# Implementing adversarial images and attacks with Keras and TensorFlow

In [1]:
# import necessary packages
from tensorflow.keras.optimizers import Adam
from tensorflow.keras.applications import ResNet50
from tensorflow.keras.losses import SparseCategoricalCrossentropy
from tensorflow.keras.applications.resnet50 import decode_predictions
from tensorflow.keras.applications.resnet50 import preprocess_input
import tensorflow as tf
import numpy as np
import argparse
import cv2

* The "SparseCategoricalCrossentropy" computes the categorical cross-entropy loss between the labels and predictions. 
* By using the sparse version implementation of categorical cross-entropy, we do not have to explicitly one-hot encode our class labels like we would if we were using scikit-learn’s LabelBinarizer or Keras/TensorFlow’s to_categorical utility.

### preprocess_image

In [2]:
def preprocess_image(image):
	# swap color channels, resize the input image, and add a batch
	# dimension
	image = cv2.cvtColor(image, cv2.COLOR_BGR2RGB)
	# image = preprocess_input(image)
	image = cv2.resize(image, (224, 224))
	image = np.expand_dims(image, axis=0)
	# return the preprocessed image
	return image

 * leaving out the preprocess_input function call

### simple helper utility, clip_eps
* The goal of this function is to accept an input tensor and then clip any values inside the input to the range [-eps, eps]

In [3]:
def clip_eps(tensor, eps):
	# clip the values of the tensor to a given range and return it
	# a = -eps if i<-eps else eps if i>eps else i
	return tf.clip_by_value(tensor, clip_value_min=-eps,clip_value_max=eps)

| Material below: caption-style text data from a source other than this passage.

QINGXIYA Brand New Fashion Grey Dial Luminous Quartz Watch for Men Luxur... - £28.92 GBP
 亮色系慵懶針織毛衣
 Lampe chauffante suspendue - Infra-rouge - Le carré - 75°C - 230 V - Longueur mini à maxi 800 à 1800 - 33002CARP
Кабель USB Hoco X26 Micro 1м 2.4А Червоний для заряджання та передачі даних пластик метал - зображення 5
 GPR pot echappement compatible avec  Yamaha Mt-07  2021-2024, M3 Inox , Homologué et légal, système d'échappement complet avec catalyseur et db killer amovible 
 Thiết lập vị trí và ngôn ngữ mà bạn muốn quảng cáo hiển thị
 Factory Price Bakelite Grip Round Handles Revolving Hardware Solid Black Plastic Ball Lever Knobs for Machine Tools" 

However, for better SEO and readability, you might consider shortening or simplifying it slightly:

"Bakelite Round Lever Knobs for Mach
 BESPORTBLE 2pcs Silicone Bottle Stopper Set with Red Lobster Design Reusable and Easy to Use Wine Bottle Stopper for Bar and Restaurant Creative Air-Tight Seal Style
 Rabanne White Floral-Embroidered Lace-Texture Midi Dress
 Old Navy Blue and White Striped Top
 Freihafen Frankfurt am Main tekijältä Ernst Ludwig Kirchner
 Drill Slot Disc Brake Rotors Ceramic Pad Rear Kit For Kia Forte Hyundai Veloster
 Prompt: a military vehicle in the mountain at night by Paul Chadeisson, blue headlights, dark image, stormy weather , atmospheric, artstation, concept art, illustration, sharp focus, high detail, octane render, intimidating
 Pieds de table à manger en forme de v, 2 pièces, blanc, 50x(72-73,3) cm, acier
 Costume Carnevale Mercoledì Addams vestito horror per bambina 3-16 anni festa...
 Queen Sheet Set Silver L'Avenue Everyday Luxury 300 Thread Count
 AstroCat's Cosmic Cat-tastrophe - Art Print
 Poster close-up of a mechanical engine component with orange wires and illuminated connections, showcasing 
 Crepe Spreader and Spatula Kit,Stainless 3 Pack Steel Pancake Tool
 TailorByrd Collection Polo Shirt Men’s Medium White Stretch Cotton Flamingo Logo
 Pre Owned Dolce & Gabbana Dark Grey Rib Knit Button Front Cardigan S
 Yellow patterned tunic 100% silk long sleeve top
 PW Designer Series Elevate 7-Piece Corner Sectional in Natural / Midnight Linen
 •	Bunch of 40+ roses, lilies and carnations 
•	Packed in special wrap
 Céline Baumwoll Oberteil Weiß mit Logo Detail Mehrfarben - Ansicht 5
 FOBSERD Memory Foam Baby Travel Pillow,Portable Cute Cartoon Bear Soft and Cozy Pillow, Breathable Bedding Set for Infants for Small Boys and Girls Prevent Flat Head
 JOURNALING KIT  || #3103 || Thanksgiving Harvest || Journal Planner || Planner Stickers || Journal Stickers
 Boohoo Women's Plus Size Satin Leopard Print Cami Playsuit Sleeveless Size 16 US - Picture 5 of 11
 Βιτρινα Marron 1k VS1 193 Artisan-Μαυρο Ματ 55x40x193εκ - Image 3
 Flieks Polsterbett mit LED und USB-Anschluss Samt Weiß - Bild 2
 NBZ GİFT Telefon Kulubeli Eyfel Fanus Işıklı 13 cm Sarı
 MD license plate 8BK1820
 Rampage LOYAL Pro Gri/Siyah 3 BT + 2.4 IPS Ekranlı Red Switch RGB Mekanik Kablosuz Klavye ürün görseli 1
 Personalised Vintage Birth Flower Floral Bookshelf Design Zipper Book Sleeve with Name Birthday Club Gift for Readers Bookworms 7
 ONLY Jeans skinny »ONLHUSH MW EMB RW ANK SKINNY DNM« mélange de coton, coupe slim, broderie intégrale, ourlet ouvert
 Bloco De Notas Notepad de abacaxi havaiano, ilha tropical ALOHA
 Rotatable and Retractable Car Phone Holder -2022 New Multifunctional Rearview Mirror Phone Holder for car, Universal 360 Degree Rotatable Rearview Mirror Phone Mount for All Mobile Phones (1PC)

### generate_adversaries function, which is the meat of our adversarial attack:
#### This function accepts four required parameters, including an optional fifth one:

* model :  
Our ResNet50 model (you could swap in a different pre-trained model such as VGG16, MobileNet, etc. if you prefer).
* baseImage (tf.constant):  
The original non-perturbed input image that we wish to construct an adversarial attack for, causing our model to misclassify it.
* delta (tf.Variable):  
Our noise vector, which will be added to the baseImage, ultimately causing the misclassification. We’ll update this delta vector by means of gradient descent.
* classIdx (int):  
The integer class label index we obtained by running the predict_normal.py
script.
* steps (int):  
Number of gradient descent steps to perform (defaults to 50
steps).


In [1]:
def generate_adversaries(model, baseImage, delta, classIdx, steps=50):
	# iterate over the number of steps
	for step in range(0, steps):
		# record our gradients
		with tf.GradientTape() as tape:
			# explicitly indicate that our perturbation vector should
			# be tracked for gradient updates
			tape.watch(delta)
			# add our perturbation vector to the base image and
			# preprocess the resulting image
			adversary = preprocess_input(baseImage + delta)
			# run this newly constructed image tensor through our
			# model and calculate the loss with respect to the
			# *original* class index
			predictions = model(adversary, training=False)
			loss = -sccLoss(tf.convert_to_tensor([classIdx]), predictions)
			# check to see if we are logging the loss value, and if
			# so, display it to our terminal
			if step % 5 == 0:
				print("step: {}, loss: {} ...".format(step, loss.numpy()))
		# calculate the gradients of loss with respect to the
		# perturbation vector
		gradients = tape.gradient(loss, delta)
        
		# update the weights, 
		optimizer.apply_gradients([(gradients, delta)])
		# clip the perturbation vector, and update its value 
		# delta += clip(delta)
		delta.assign_add(clip_eps(delta, eps=EPS))
	# return the perturbation vector
	return delta

* It’s far from random.Instead, the pixels in noise vector are “equal to the sign of the elements of the gradient of the cost function with the respect to the input image” (Goodfellow et al.).

In [33]:
# construct the argument parser and parse the arguments
# construct the argument parser and parse the arguments
image_in_path = 'pyimagesearch/pig.jpg'
image_out_path = 'pyimagesearch/adversarial.png'
#"ImageNet class ID of the predicted label"
class_idx = 341

In [34]:
# define the epsilon and learning rate constants
EPS = 2 / 255.0
LR = 0.1
# load the input image from disk and preprocess it
print("[INFO] loading image...")
image = cv2.imread(image_in_path)
image = preprocess_image(image)
print("[INFO] loading finished size is {}".format(image.shape))

[INFO] loading image...
[INFO] loading finished size is (1, 224, 224, 3)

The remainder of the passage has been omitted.